The second is Cornel West's plea in 2004 for an emboldened and revitalized democracy in American politics. I'm reading it as a kind of similarly-spirited but substantively different Christian account of American democracy than that of Stanley Hauerwas, who has influences me so much in my understanding of the church and the state in America. We will see how West does.

Speaking of Hauerwas, I am about halfway done with A Better Hope, subtitled "Resources for a church confronting capitalism, democracy, and postmodernity." It is exactly that, and, as always, thought-provoking and disagreeably formative. Always a pleasure.

Audiobook: Night by Elie Wiesel (FF) -- I never read Night in high school, so I'm listening to it while shelving in the library. No words of mine need be added to such a work.

Upcoming: Balkan Ghosts by Robert Kaplan (FF); The Road by Cormac McCarthy (FF); Watership Down by Richard Adams (FF); A Community of Character by Stanley Hauerwas (FF); The Unsettling of America by Wendell Berry (FF) -- I'd hope to have this read by Thanksgiving, but I'll be lucky to have them done by the end of 2008.

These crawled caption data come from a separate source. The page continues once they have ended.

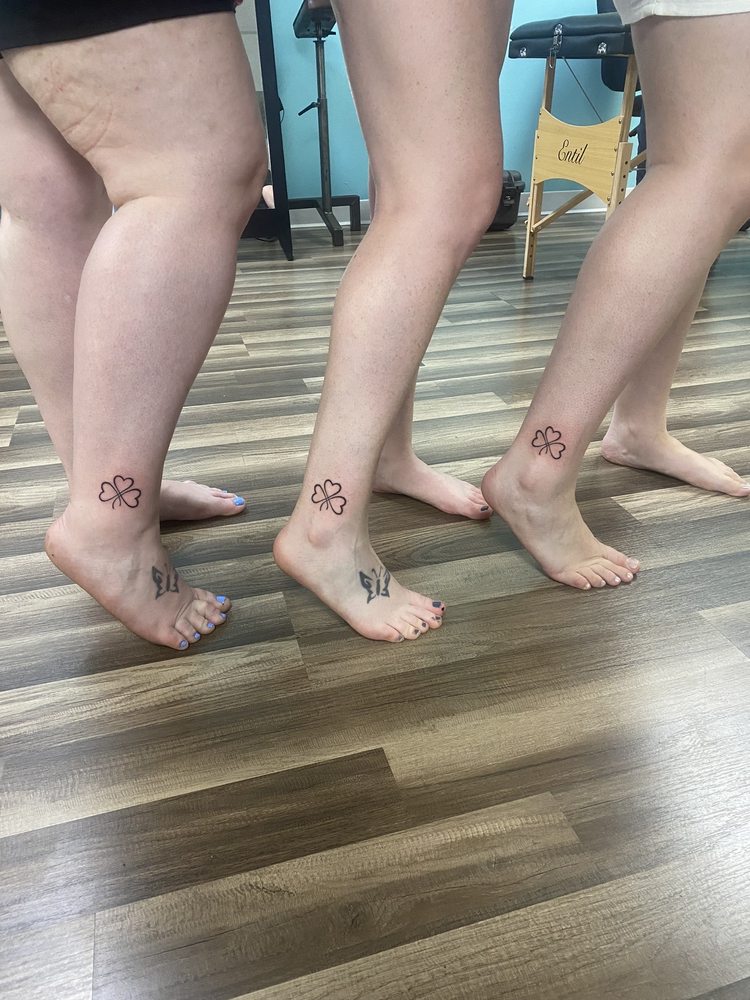 High Tide Tattoo Logo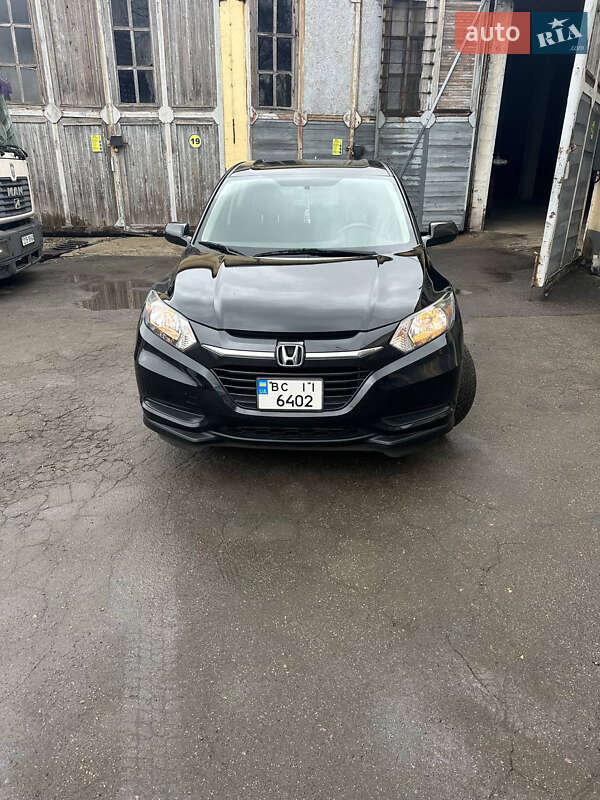 Позашляховик / Кросовер Honda HR-V 2016 в Львові фото 6 Позашляховик / Кросовер Honda HR-V 2016 в Львові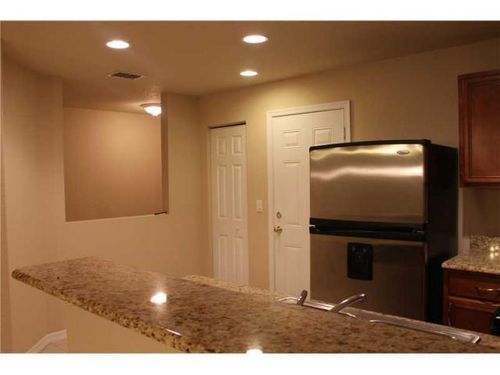 Building Photo - 2552 Marshfield Ct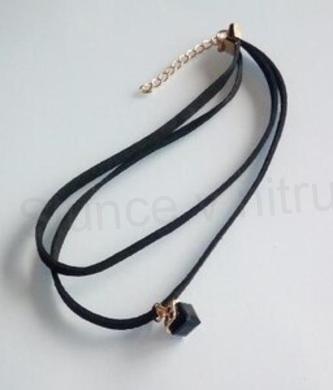 Náhrdelník choker s ozdobou broušená kostká (BD838)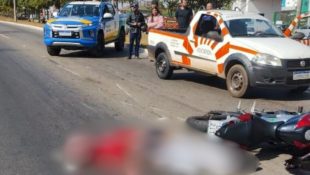 Motociclista morre ao bater em Fiat Strada e ser jogado para debaixo de carreta em Goiânia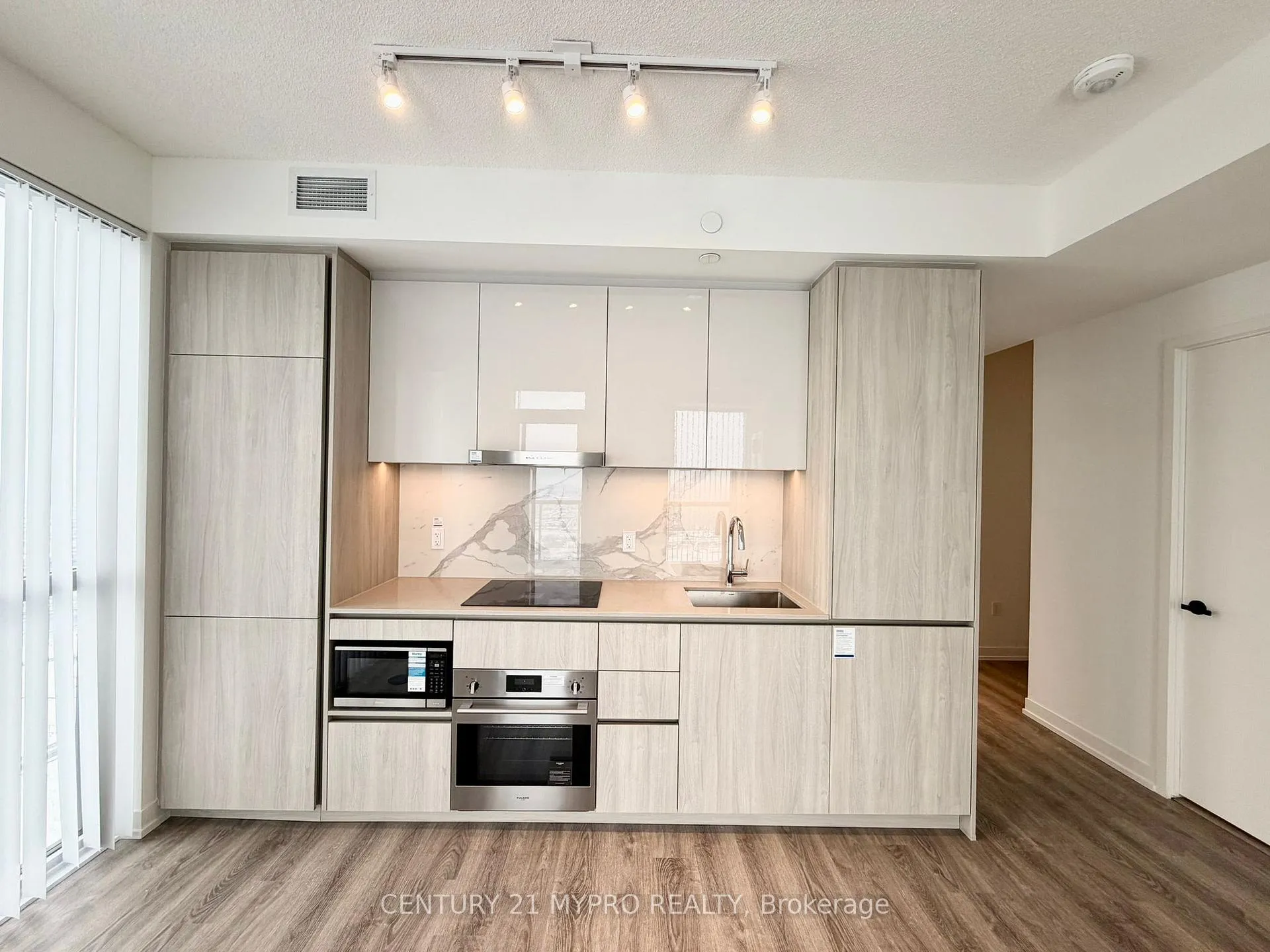 Photo 4 of Unit 5812, 8 Interchange Way, Vaughan, Vaughan Corporate Centre — HOMEH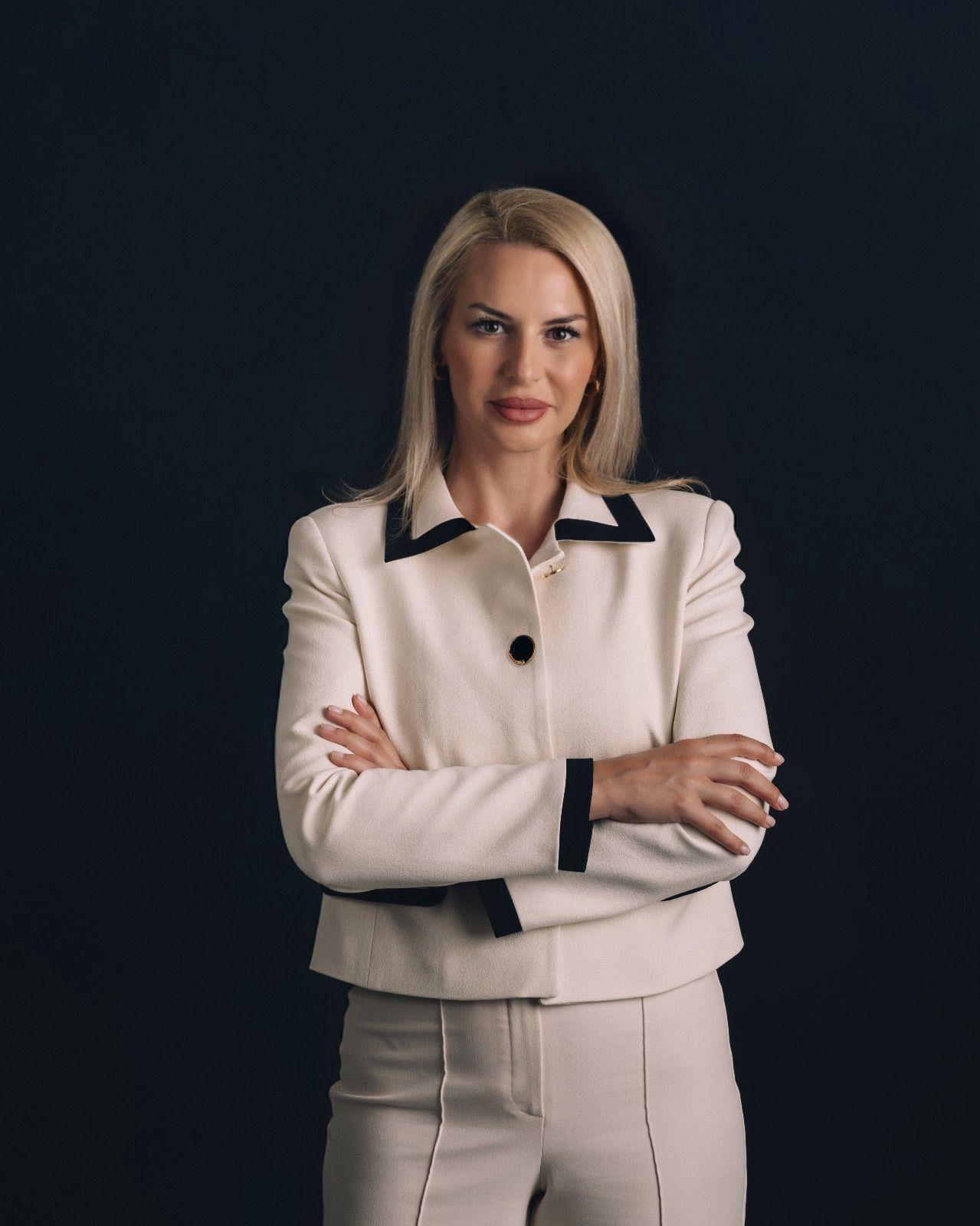 Arta Hamzai LL.M, Founder & CEO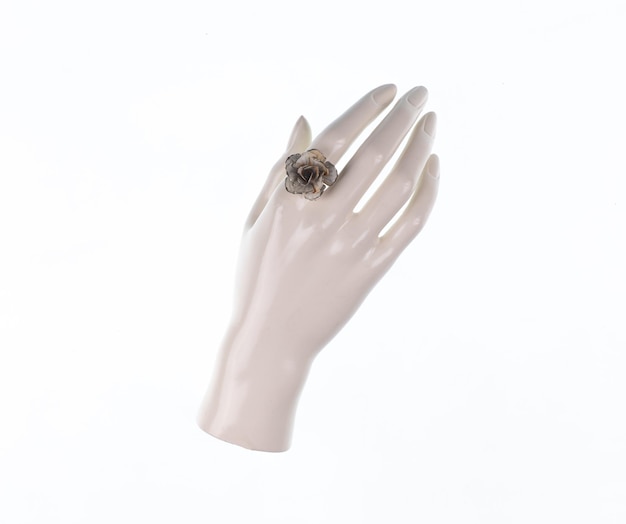 mannequin hand met sieraden ring geïsoleerd op een witte achtergrond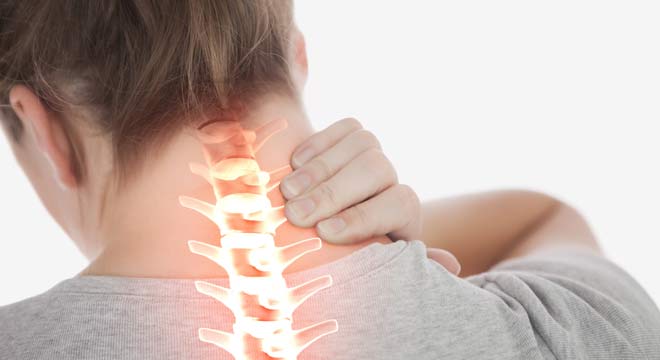علائم و درمان شکستگی گردن چیست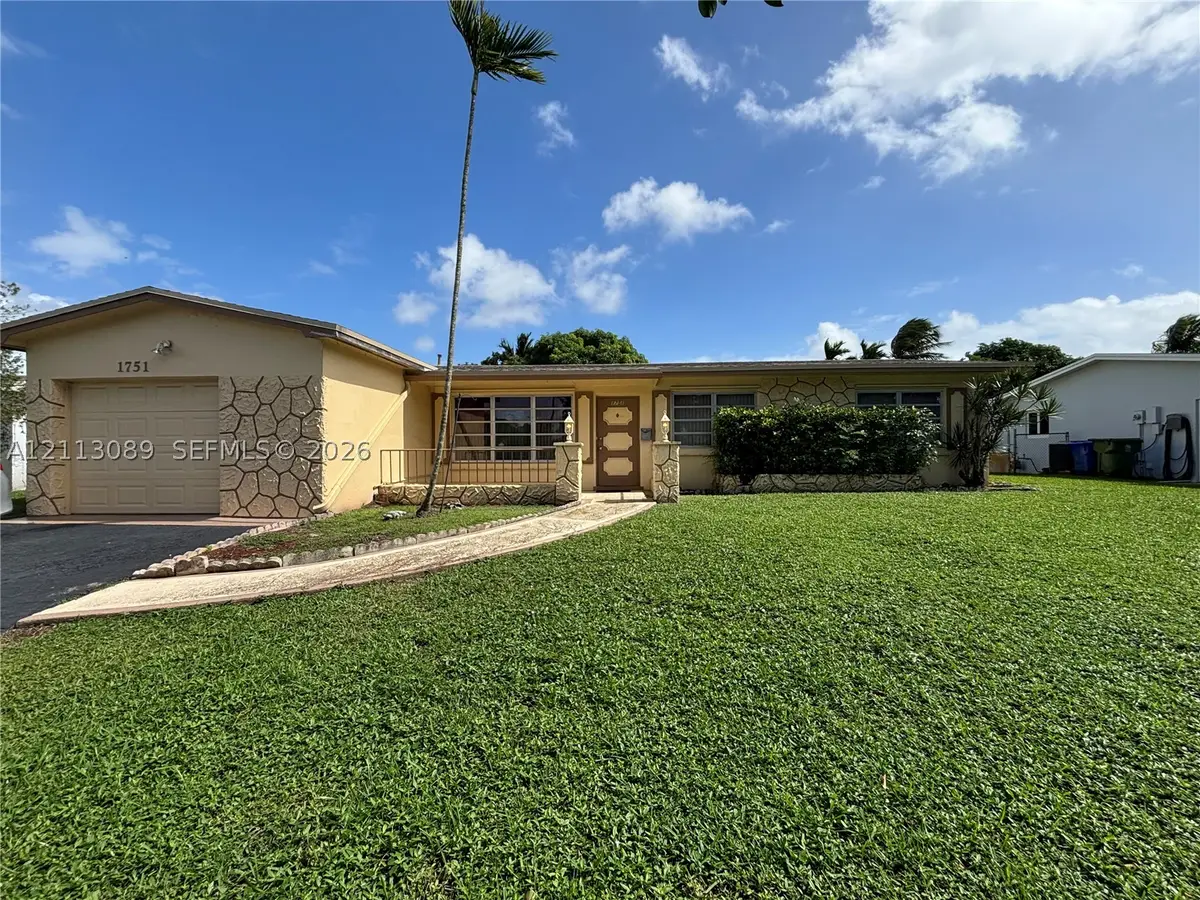 1751 NW 88th Ter, Pembroke Pines, FL 33024 - #1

One other book: The Brothers K by David James Duncan, if it weren't so ginormous, would be at the top of my stack right now. Has anyone read this? Should it be number one in spite of its behemoth size? Give me feedback, give me reasons. It's tough to commit to 700 pages in the midst of papers, reports, and midterms. Convince me.

Apart from that, feel free to make any other burning recommendations you have. Christmas is coming and there's nothing quite like a new used book.